After providing fire support during the invasion of Biak Island 27 May, Kalk continued escort and picket duty between Biak and Humboldt Bay. While on patrol 12 June off the southern coast of Biak, an enemy plane dived out of the sun and released a bomb which struck abaft her forward stack at the base of her starboard torpedo tubes. As Kalk's 20mm. gunfire splashed the attacker, the bomb exploded the air flasks of her torpedoes, destroying several 20mm. guns, showering her crew with shrapnel, and damaging her superstructure amidships. Though suffering 70 casualties, her heroic crew rallied to save the destroyer. Skillful firefighters extinguished each blaze; and, while other hands tended the wounded, volunteers detached the warheads from torpedoes scattered about the deck. Every man knew what to do and did it.

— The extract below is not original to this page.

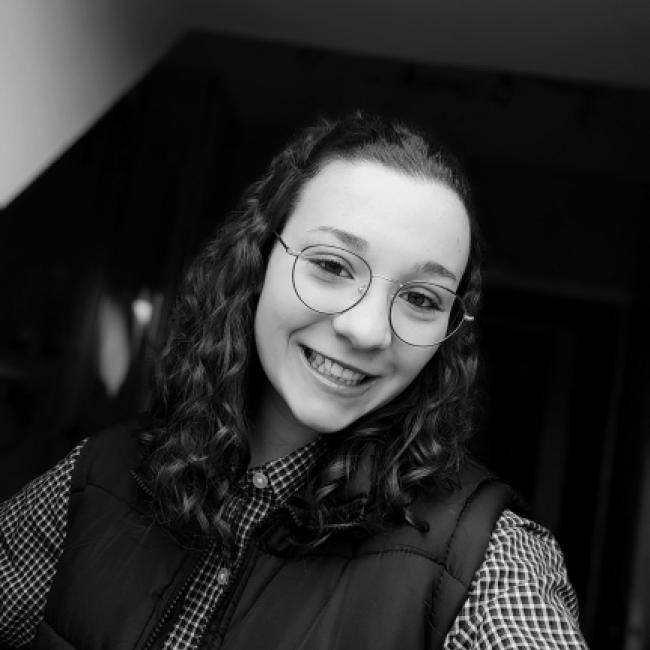 Hallennes-lez-Haubourdin 베이비시터: Louna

The only Allied ship seriously damaged in more than 2 weeks of repeated air attacks at and near Biak, Kalk retired to Hollandia, New Guinea, for emergency repairs and sailed 20 June via the Admiralties and Pearl Harbor for the United States. Reaching San Francisco 31 July, she received complete repairs and underwent alteration at Mare Island.

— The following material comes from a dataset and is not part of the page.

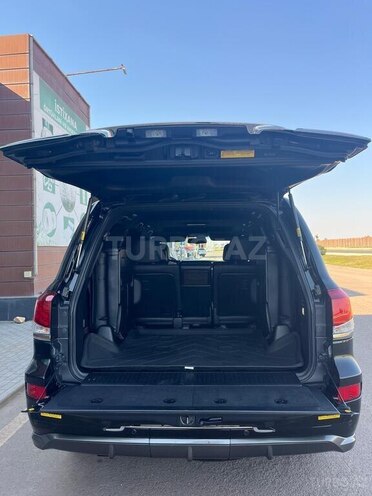 Lexus LX 570-19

Then the gallant destroyer departed 26 October for Pearl Harbor, arriving 1 November. On 12 November she headed via Eniwetok to Ulithi, Western Carolines, where she arrived 26 November to resume her duty in the western Pacific.
For more than 8 months Kalk operated out of Ulithi on ASW patrols screening sea logistics forces during offensive operations from Luzon to Okinawa. From 16 to 23 December she patrolled northeast of Luzon during replenishment of the 3d Fleet. Sailing from Ulithi 29 December, she screened supply units which supported TF 38 during the crucial Lingayen Gulf operations on western Luzon. She continued this important duty until returning to Ulithi 27 January 1945.

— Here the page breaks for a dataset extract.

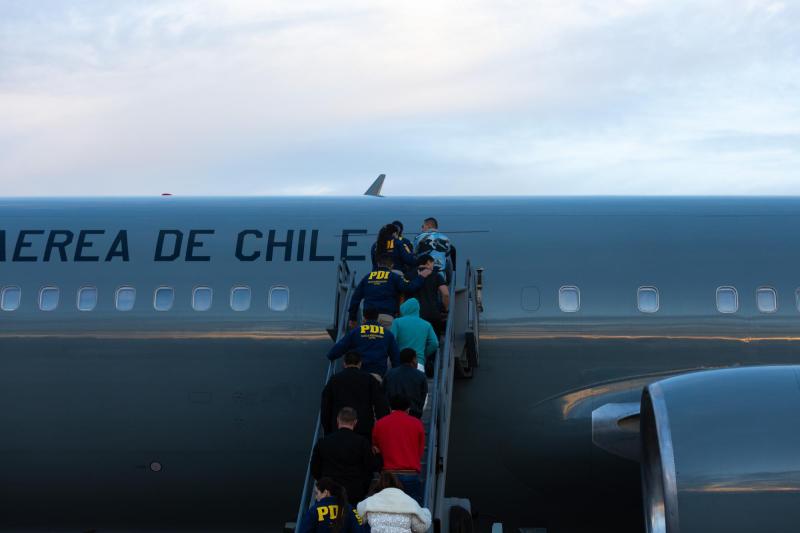 T13 | Expulsan a 56 extranjeros de Chile por delitos graves en nuevo vuelo chárter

As a unit of DesDiv 38, Kalk rendezvoused with TG 50.8 on 18 February for refueling and replenishment operations of TF 58 during the savage campaign on Iwo Jima. Returning to Ulithi 6 March, she sailed northward 13 March with TG 50.8 to screen logistic support for the 5th Fleet which was then clearing Ryukyu waters of enemy shipping and aircraft in preparation for the invasion of Okinawa 1 April. From then to the end of the war, Kalk operated with the 5th and 3d Fleets off the Ryukyus as escort, plane guard, and ASW screen. Concerned primarily with screening supply ships between Ulithi and Okinawa, she destroyed numerous Japanese mines during patrols. While steaming for Okinawa 5 June with logistic support group TG 30.8, she passed through a raging typhoon with destructive winds of more than 90 knots. Suffering only minor damage, Kalk continued screening patrols. When the war ended 15 August, she was steaming from Okinawa to Ulithi.
Departing Ultithi 20 August, Kalk sailed via Saipan and Okinawa to Japan, arriving Tokyo Bay 1 September escorting Detroit (CL-8). Present at the formal Japanese surrender 2 September, she departed the 3d on an escort run to Eniwetok. After returning to Tokyo Bay 16 September, she departed for the United States 12 October via the Philippines, Eniwetok, and Pearl Harbor. Reaching San Diego 17 November, she proceeded on the 17th for the East Coast, arriving Boston 11 December. After overhaul, she departed Boston 18 January 1946 and arrived Charleston, S.C., on the 20th. Kalk decommissioned at Charleston 3 May, entered the Atlantic Reserve Fleet, and is currently berthed at Orange, Tex.
Kalk received eight battle stars for World War II service.